The convoy nears the stadium, passing the sports bar bearing the "Welcome to Pegulaville" sign, and once Kim rolls into the loading dock behind the south end zone and kills the engine, it's time to go to work. Golf carts arrive to take her to a nearby parking lot, where she disembarks and begins cavorting among the tailgaters. A man in his mid-20s wearing a retro Jim Kelly jersey hands her an oversized sausage, protruding out of its bun. Pegula thanks him and, without breaking stride, stuffs a large bite into her mouth and continues our conversation. She's stopped by another group of revelers who want her to play in their cornhole game. Handing me the sausage, she grabs a beanbag and jumps into the fray. A few shots later, she reclaims the sausage and takes another bite.

Eventually, we are back on the golf cart. "Mrs. Pegula!" a middle-aged man yells. "You want some lobster?"

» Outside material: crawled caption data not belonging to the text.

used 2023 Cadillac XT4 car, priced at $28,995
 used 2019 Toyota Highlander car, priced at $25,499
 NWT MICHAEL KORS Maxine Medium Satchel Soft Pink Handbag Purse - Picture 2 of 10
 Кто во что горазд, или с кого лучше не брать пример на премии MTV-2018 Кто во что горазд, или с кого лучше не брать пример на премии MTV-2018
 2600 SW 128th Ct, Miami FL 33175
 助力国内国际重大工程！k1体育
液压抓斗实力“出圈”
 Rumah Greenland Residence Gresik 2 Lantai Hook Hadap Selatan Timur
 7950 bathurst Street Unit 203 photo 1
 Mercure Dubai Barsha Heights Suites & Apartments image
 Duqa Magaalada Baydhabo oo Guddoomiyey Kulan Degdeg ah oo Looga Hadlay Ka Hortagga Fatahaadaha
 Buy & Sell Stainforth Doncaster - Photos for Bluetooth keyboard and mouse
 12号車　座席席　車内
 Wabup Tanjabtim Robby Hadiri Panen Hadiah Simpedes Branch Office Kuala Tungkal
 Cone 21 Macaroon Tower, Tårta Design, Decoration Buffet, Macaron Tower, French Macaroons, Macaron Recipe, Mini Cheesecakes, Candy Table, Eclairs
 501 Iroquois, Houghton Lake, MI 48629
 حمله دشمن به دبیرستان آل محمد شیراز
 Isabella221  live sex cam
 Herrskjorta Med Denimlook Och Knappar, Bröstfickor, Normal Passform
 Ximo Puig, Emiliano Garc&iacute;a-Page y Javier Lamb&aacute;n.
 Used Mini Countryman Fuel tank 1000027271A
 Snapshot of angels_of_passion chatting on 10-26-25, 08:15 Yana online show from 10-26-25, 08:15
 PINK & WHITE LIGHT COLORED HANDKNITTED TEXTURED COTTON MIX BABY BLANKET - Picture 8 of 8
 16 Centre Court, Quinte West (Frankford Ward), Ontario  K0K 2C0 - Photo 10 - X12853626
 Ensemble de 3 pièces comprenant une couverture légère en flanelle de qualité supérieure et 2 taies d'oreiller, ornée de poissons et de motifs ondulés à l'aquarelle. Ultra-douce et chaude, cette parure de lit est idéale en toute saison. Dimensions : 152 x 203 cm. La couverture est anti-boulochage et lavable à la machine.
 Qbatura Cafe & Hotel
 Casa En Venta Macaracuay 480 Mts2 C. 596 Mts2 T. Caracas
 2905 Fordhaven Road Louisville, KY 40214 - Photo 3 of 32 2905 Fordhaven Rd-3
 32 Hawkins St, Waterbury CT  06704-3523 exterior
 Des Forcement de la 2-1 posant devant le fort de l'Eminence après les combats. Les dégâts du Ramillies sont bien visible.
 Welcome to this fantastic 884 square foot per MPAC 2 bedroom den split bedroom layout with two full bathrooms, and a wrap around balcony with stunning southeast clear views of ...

"Hold on," he says. Seconds later, he hands her an actual lobster. Surprised but unfazed, Pegula puts the crustacean in her lap as we drive back toward the end zone tunnel.

It starts to rain as she takes the field. Pegula is offered an umbrella, but she declines; she has no hat or hood, either. After narrowly avoiding a potentially jarring collision with the opposing quarterback, she gets a warm greeting from Kraft, the four-time-Super-Bowl-winning owner of the Patriots. They talk for a few minutes, and then it's time to work the sideline, where she chats up VIPs and sponsors and employees -- one of whom, Jack Eichel, happens to be one of the Sabres' young stars. On the way to the game, Pegula had been informed that the 20-year-old Eichel, a Massachusetts native, wanted desperately to meet Brady, one of his idols. Asked if she had a similar desire to be introduced to the future Hall of Fame quarterback, Pegula had answered honestly: "No, not really. Especially on game day. I just wouldn't even want the whole vibe of even having to deal with him and talk to him. I don't want to pretend to be nice."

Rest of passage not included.